THERE’S MUCH consternation within the LGBT rights movement of late over the issue of the planned National Equality March set for Oct. 10-11 in D.C.

On one side: Left Coast advocates like Cleve Jones and Dustin Lance Black who are lending their celebrity to help promote the cause. On the other: East Coast lobbyists worried about diverting precious resources from state marriage fights so we can have a party on the National Mall this fall.

The inside-the-Beltway take on the march goes something like this: Those Hollywood gays don’t know how D.C. works — duh, Congress isn’t even in session. President Obama will be relaxing at Camp David that weekend. No one will be here to witness the march. Do they even have a permit?You can’t just show up at the Mall and start hootin’ and hollerin’. We should all skip D.C. and go to Maine where the real fight is happening. And they shouldn’t even be calling it a “march,” it’ll bloat expectations in the mainstream media; let’s call it a “gathering” instead.

March supporters, meanwhile, like to portray themselves as modern, progressive, tech-savvy 21st century activists disdainful of the “old ways” of doing things. Indeed, the “old ways” haven’t yielded a single LGBT-related federal law in 40 years of trying. Then again, there’s something to be said for knowing your history.

Some supporters have wondered why the Human Rights Campaign and other national organizations haven’t taken a more aggressive role in planning the march. HRC did issue a press release announcing tepid support (what else could they do?) while others have taken the lead on planning.

But there’s a reason HRC and others in Washington are nervous about the prospect of another LGBT march — the fiasco of the Millennium March on Washington in 2000.

Hundreds of thousands of dollars went missing after that event, much of it cash stuffed into trash bags and hauled away. There were stiffed vendors, shady last-minute emergency loans and mismanagement galore. The theft triggered an FBI investigation, unflattering coverage in the mainstream media and proved an embarrassing debacle for the movement.
THEN, AS NOW, there was no shortage of skeptics who questioned the motivations for the march.

“It’s hard to know what to say, since nothing has been proven, but I think it does seem to confirm a lot of problems we suspected from the beginning,” Tommi Avicolli Mecca, who attended gay rights marches in Washington in 1979, 1987 and 1993, told the San Francisco Chronicle in 2000. “What was the point of people going there?

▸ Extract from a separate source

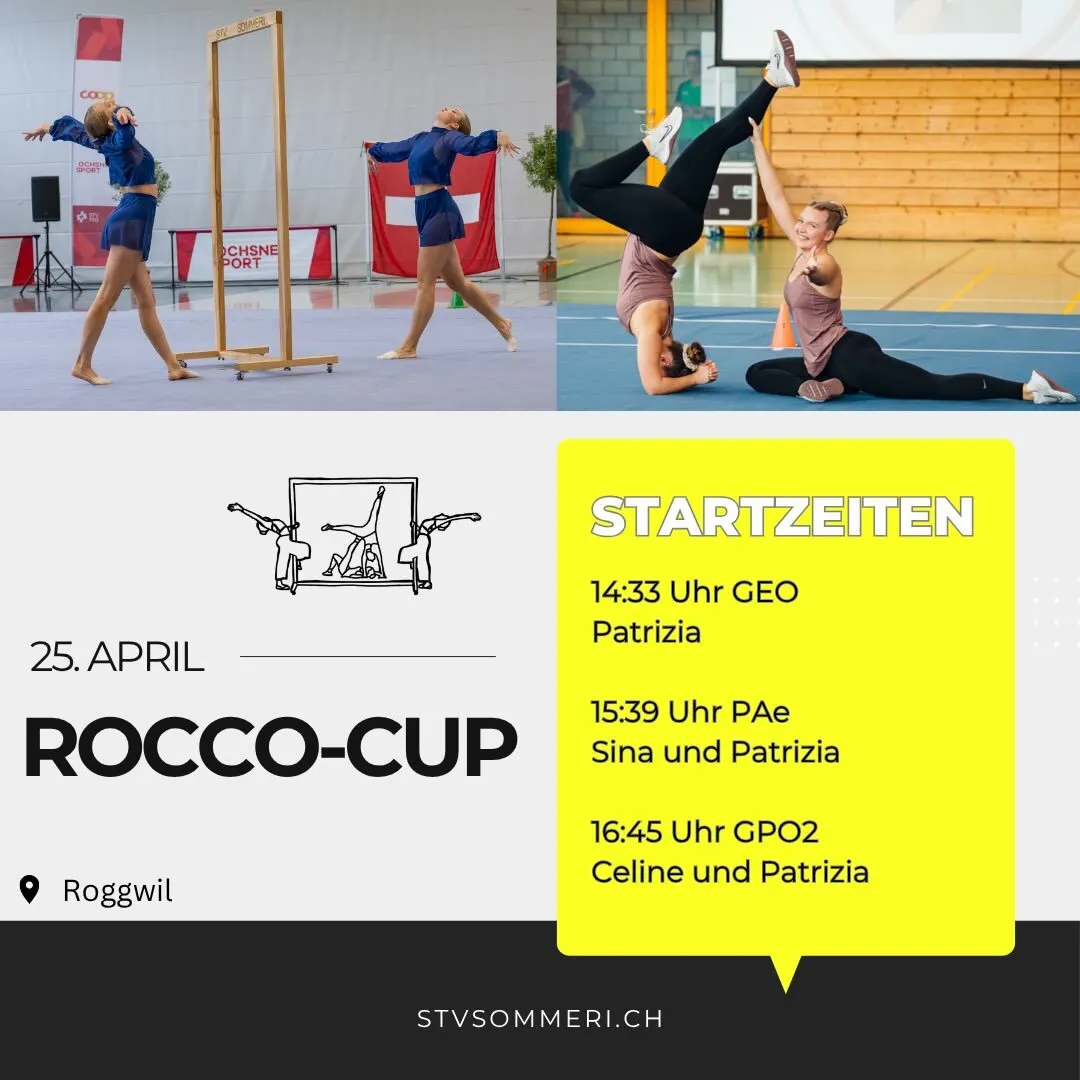 Für üsi Paar stoht bereits dä erst Wettkampf vor dä Türe! 🤩💪🏻🥳 Chum au du uf Roggwil und unterstütz die drü am Feldrand!😉

#letsgo#saison26#roccocup#paare#stvsommeri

In 1979, we were invisible, in 1987 the focus was on AIDS. This one seemed very self-serving for the organizers.”

Some of those objections have been heard in the current debate. There’s certainly cause for pause and HRC is right to take a hands-off approach to this. But after talking to some march supporters, including Black, it’s hard to dismiss their passion and quest for visibility, particularly after the disappointing opening months of the Obama administration.

As we learned in the Proposition 8 fight, the key to legislative victories lies in winning over our fellow citizens, black and white, rich and poor, religious and agnostic. The way to win them over is to get to know them and for them to get to know us. That, of course, is accomplished through visibility. From individuals coming out in their communities to Ellen DeGeneres and “Will & Grace” bringing gays and lesbians to TV and popular culture to Barney Frank and Tammy Baldwin demonstrating that open gays can win election to high office, it’s all about visibility.

No one should dissuade LGBT people from coming out — or marching in the streets. If a group of activists, however small or large, wants to stage a march, they ought to do just that.
And there are encouraging signs that organizers have adopted sensible goals that extend beyond the October march.

THE GOAL OF the event, according to the National Equality March site: “Equal protection in all matters governed by civil law in all 50 states. We will accept no less and will work until it is achieved. Equality Across America exists to support grassroots organizing in all 435 Congressional Districts to achieve full equality.”

Happily, there’s no flashy concert planned. This is about a grassroots movement of people still angry over Prop 8 and frustrated by the Democrats’ slow progress on our issues in this Congress. They turned out en masse for protests around the country after Prop 8 and now they want to converge on D.C. to amplify their message. For those who can’t join the march, organizers are urging them to personally lobby their members of Congress.

Some state-based activists have expressed legitimate concerns about diverting resources to fund a presence at the march at a time when they’re fighting marriage and other battles at home. Of course, those battles should take precedence over a national march and state organizers worried about the march should skip it and stay focused on their important legislative initiatives at home.
But for those seeking an outlet for all that pent up frustration — particularly younger people energized by the change rhetoric of late and connected as never before by social networking technologies — this march represents a unique outlet and a chance to be seen.
The rest of us should either applaud their passion or get out of the way and let them march.